Je voulais leur donner le moyen de se montrer, de se voir, comme ils le souhaitent et non comme la société les perçoit et les décrit. Pour moi, c'est une prise de pouvoir sur leur condition, car ils ont chacun leur personnalité et je voulais la révéler.

C'est au retour de mon premier voyage que j'ai montré les premières images à ma mère, qui m'a vivement encouragée à continuer. Puis d'autres personnes ont eu le même enthousiasme. À chacun de mes voyages (à cette période, je vivais 6 mois à Paris et les 6 autres à Rio), je poursuivais donc le projet.

Iris Della Roca
Le Gangster, Amara, 10 ans, cité de la Forestière, banlieue de Paris, 2012.

Focus Numérique – Quelle est la vie de cette série ?

Iris Della Roca – En 2011, Laure Poiret et Laure Fontaine, de l'association et galerie Premier Regard dans le 15e arrondissement de Paris, remarquent mon projet et en parlent à Bénédicte Lesieur qui s'occupe, elle, de la galerie du La Vallée Village (Seine-et-Marne) et elles ont produit ma première exposition. C'était fantastique ! J'ai eu énormément de chance !

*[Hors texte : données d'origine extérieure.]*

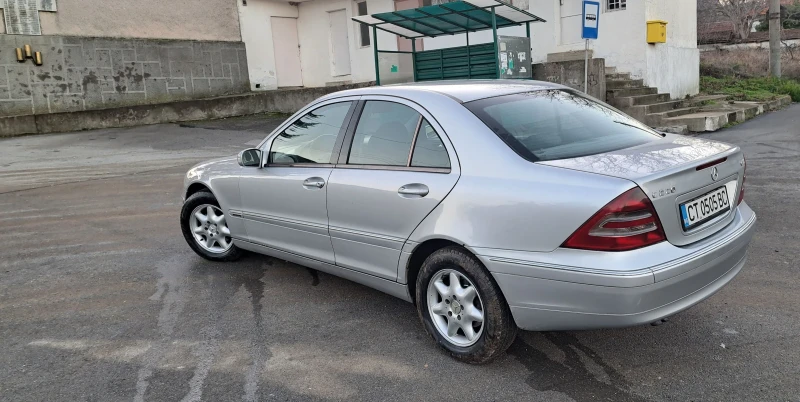 Mercedes-Benz C 220 CDI, снимка 8 - Автомобили и джипове - 48511134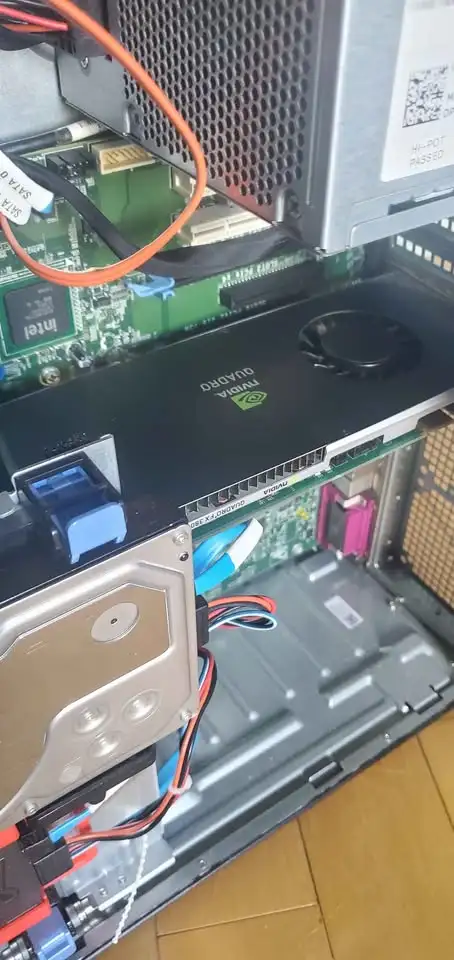 DELL PRECISION XEON 3550 24 GB RAM 500 GB SSD 4 TB QUADRO FX3800 in Desktop Computers in Longueuil / South Shore - Image 5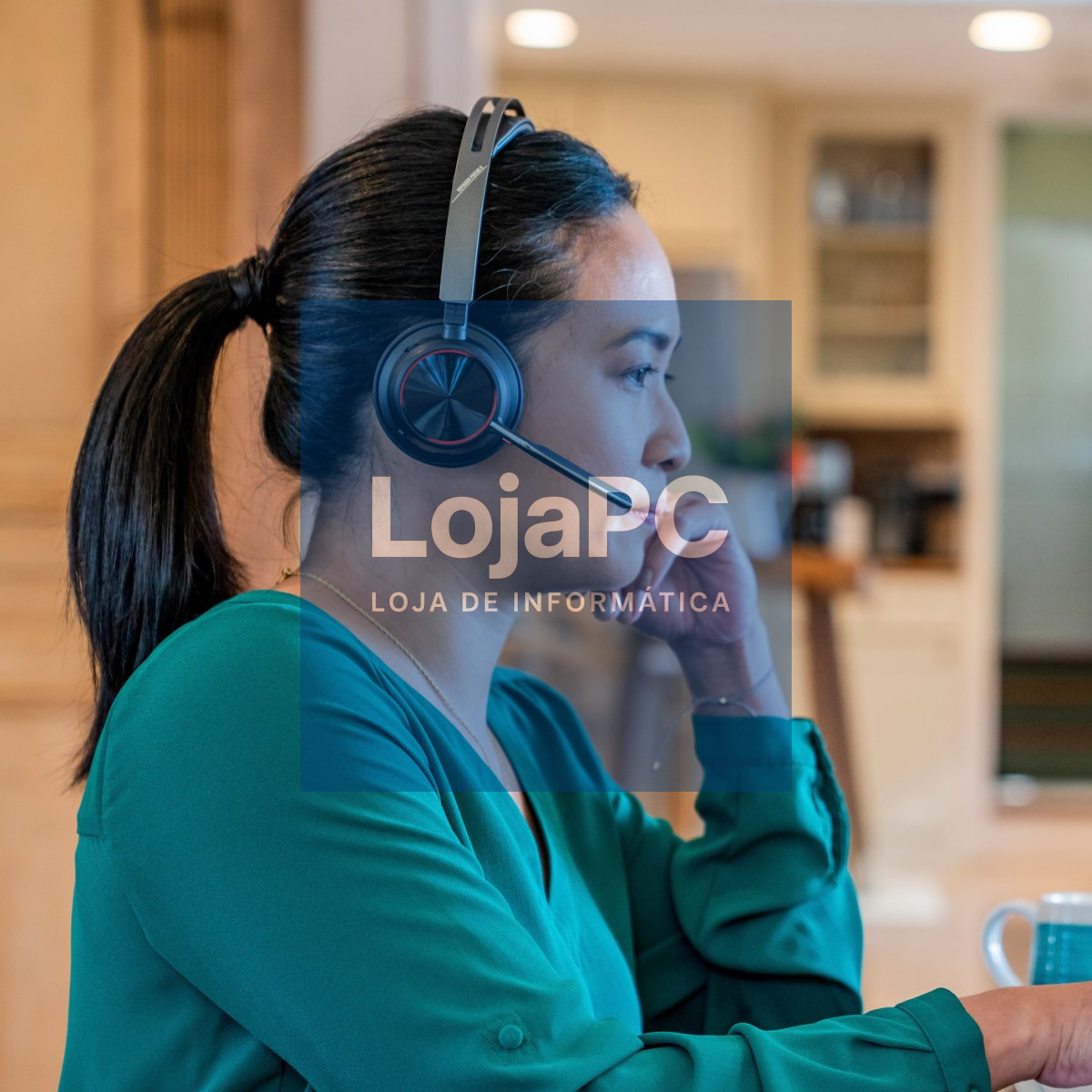 HP Poly Voyager Focus 2 Microsoft Teams Certified USB-C-C Headset +USB-C/A Adapter SmartBuy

Ensuite, j'ai fait d'autres expositions à Paris, notamment avec le collectif World Wide Women en 2012. Et là je viens de finir une exposition à la Little Black Gallery à Londres.

Nous avons eu beaucoup de retours positifs et même un article dans le quotidien brésilien Globo ! Pour les enfants, c'était fantastique de se voir dans les journaux, ils étaient contents qu'on parle d'eux comme ça. Les gens sont touchés par le projet et je reçois beaucoup d'encouragement. Je désire par ailleurs poursuivre le projet dans plein de pays !

Iris della Roca
La Fée (The Fairy).

Focus Numérique – En tant que photographe, quelle est l'image qui est en première place de votre panthéon photographique personnel ?

Iris Della Roca – Je n'ai pas de photo iconique comme référence. J'aime surtout les aventures humaines derrière les photos... Comme je ne photographie que des gens que je connais très bien, je suis attachée à toutes les photos, parce que j'ai un lien avec les gens... je les trouve beaux et touchants, et j'aime contribuer à ce qu'ils soient valorisés.

Iris Della RocaLes beaux gosses, Mateus et son frère Juan, 9 et 12 ans, favela de Vidigal, Rio 2010.

Iris Della Roca
Le marin, Syllamara, 9 ans, cité de la Forestière, Clichy-sous-Bois, 2012.